Up until now, Google, Facebook, and others have made their money and based their business on the openness of the Internet, whether it's here, or China, or the Middle East. If that were to go away, we would be moving away from a global Internet cloud into an era of many clouds. That more than anything should make our leaders very uncomfortable.
What would that Internet look like?
Although we've been quick to see the threat on our security that emanates from cyberspace, we have been very slow to see how important an open global Internet is to world issues that range from Iran to Haiti. The horse has left the gate on the issue of whether there's censorship in cyberspace. The question now is, will this space have borders in it? In this case, that means that China starts to censor what Google can access in Chinese cyberspace. The ability of search engines that previously operated globally to provide services globally would no longer be the case.

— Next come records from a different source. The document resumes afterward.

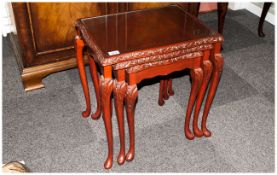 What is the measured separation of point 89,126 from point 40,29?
2.46ft

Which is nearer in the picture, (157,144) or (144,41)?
(144,41)

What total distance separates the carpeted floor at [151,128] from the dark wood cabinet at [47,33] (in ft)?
0.57

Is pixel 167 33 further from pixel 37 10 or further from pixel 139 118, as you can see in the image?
pixel 37 10

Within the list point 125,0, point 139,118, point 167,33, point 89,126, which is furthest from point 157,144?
point 125,0

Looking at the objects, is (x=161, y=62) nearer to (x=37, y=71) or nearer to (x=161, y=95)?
(x=161, y=95)

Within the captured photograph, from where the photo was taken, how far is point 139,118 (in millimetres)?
2203

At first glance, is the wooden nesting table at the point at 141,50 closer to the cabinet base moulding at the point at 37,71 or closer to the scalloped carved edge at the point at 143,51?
the scalloped carved edge at the point at 143,51

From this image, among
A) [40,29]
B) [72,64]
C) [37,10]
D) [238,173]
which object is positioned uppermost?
[37,10]

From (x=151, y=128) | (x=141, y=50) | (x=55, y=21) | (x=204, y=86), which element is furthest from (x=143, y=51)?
(x=55, y=21)

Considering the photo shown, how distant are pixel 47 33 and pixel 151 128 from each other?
98cm

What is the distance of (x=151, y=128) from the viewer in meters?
2.12

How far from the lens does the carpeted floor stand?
188 cm

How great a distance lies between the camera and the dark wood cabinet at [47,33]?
213 centimetres

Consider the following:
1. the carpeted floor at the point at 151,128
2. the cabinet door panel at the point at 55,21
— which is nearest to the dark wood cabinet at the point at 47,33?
the cabinet door panel at the point at 55,21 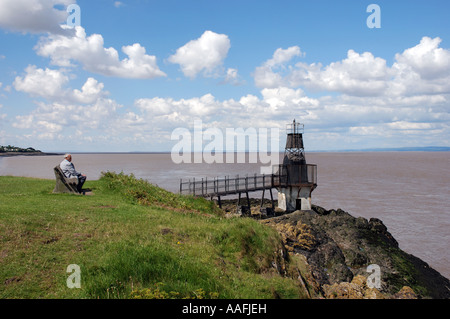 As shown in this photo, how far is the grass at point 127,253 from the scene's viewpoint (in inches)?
257

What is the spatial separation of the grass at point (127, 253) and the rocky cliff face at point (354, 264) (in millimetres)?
3411

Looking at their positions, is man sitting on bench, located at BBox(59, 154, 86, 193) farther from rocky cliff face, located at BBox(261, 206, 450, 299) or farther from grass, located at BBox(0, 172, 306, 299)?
rocky cliff face, located at BBox(261, 206, 450, 299)

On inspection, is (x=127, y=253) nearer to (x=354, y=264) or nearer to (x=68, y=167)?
(x=68, y=167)

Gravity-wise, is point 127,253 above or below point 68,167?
below

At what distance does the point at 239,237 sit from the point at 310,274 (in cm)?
437

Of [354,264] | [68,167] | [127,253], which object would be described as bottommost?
[354,264]

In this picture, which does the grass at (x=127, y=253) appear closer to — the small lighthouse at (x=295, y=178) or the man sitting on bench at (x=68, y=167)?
the man sitting on bench at (x=68, y=167)

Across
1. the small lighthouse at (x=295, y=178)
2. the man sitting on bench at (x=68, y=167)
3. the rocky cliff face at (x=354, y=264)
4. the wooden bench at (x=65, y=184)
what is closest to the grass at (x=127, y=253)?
the wooden bench at (x=65, y=184)

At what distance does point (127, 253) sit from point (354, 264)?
1377cm

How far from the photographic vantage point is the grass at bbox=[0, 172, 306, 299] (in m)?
6.52

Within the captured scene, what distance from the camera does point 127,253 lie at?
766cm

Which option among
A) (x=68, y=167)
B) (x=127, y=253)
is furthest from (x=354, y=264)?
(x=68, y=167)

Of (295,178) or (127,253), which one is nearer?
(127,253) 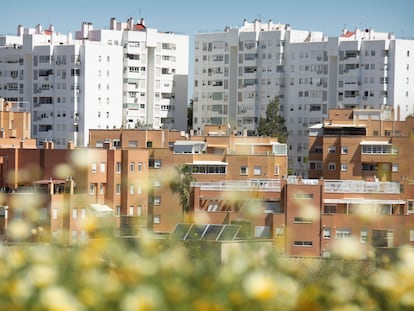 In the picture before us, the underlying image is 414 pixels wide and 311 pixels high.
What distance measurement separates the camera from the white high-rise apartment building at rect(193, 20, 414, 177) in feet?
191

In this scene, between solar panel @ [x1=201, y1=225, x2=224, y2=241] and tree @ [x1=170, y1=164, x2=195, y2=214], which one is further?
tree @ [x1=170, y1=164, x2=195, y2=214]

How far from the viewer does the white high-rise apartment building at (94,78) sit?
193ft

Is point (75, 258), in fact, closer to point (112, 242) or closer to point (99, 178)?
point (112, 242)

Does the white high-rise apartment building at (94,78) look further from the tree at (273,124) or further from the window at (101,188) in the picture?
the window at (101,188)

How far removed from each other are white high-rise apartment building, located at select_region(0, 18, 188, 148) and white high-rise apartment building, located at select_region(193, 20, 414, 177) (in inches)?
55.3

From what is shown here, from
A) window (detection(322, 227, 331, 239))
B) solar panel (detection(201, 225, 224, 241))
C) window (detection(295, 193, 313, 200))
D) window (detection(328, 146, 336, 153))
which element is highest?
solar panel (detection(201, 225, 224, 241))

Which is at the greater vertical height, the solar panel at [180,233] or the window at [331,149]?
the solar panel at [180,233]

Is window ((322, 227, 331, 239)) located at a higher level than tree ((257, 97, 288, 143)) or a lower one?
lower

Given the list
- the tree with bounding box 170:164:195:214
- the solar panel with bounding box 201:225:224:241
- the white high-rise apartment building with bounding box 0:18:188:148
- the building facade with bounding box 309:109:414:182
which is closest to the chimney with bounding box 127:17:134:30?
→ the white high-rise apartment building with bounding box 0:18:188:148

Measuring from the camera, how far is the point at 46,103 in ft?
197

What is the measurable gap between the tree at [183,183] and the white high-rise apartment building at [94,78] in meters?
17.2

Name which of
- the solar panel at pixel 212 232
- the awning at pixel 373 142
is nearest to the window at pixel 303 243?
the solar panel at pixel 212 232

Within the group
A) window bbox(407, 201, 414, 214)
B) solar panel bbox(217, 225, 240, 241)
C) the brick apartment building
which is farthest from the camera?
window bbox(407, 201, 414, 214)

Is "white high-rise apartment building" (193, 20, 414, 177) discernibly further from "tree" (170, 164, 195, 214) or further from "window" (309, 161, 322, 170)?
"tree" (170, 164, 195, 214) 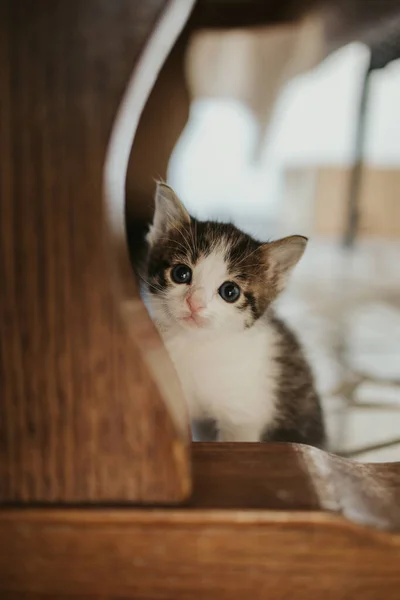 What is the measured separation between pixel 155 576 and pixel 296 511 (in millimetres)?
117

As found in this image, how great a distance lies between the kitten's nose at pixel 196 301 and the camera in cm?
81

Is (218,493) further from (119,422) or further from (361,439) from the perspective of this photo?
(361,439)

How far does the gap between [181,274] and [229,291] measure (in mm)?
84

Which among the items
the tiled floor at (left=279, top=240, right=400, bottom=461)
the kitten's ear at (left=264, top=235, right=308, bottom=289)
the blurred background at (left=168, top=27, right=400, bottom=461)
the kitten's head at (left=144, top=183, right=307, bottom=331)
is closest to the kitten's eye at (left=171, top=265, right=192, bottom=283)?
the kitten's head at (left=144, top=183, right=307, bottom=331)

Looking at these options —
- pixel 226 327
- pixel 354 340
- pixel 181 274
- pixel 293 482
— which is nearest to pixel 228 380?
pixel 226 327

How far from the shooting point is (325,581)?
398mm

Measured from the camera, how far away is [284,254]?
2.96ft

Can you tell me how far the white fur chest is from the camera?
0.84m

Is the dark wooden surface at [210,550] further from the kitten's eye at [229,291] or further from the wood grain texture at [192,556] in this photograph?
the kitten's eye at [229,291]

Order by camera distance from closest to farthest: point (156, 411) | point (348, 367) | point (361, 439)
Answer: point (156, 411)
point (361, 439)
point (348, 367)

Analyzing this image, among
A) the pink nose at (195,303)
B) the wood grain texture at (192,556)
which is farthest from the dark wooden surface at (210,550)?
the pink nose at (195,303)

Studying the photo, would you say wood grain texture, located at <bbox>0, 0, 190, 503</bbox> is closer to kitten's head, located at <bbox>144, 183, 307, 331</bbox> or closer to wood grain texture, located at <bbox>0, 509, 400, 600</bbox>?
wood grain texture, located at <bbox>0, 509, 400, 600</bbox>

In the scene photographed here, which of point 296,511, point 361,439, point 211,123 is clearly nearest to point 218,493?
point 296,511

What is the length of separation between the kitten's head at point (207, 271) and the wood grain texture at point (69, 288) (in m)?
0.44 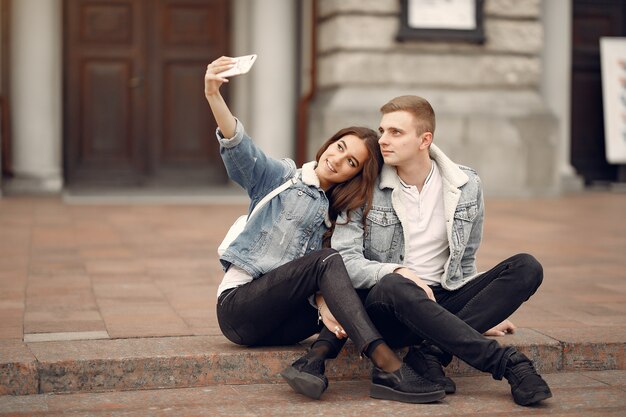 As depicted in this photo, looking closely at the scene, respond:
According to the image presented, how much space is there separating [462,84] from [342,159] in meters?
8.08

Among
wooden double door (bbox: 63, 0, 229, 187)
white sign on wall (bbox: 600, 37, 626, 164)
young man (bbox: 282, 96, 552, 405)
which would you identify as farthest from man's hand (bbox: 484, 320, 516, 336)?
white sign on wall (bbox: 600, 37, 626, 164)

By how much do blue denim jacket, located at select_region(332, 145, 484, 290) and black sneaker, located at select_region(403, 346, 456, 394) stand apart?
33cm

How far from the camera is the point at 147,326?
503 centimetres

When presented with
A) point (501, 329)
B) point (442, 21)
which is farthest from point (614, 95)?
point (501, 329)

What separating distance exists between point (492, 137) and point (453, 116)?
0.52 meters

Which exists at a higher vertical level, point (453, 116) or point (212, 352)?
point (453, 116)

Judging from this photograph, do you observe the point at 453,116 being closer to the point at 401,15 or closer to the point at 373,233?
the point at 401,15

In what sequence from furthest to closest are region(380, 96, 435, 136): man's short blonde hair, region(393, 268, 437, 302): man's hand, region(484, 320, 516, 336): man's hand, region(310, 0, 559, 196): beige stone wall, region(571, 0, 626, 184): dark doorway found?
1. region(571, 0, 626, 184): dark doorway
2. region(310, 0, 559, 196): beige stone wall
3. region(484, 320, 516, 336): man's hand
4. region(380, 96, 435, 136): man's short blonde hair
5. region(393, 268, 437, 302): man's hand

How do you think the Google versus China saga will ultimately play out?
I think the Chinese leadership is willing to sacrifice economics on the altar of politics and not losing face in this situation. But it won't be a small step to say, "Google, you can go." Note the fact that the Chinese have yet to make any significant political pronouncements on this. I think the likely outcome there will be an attempt for long-term low-key talks on this issue, hoping it will essentially go away before someone has to make a very serious decision about it.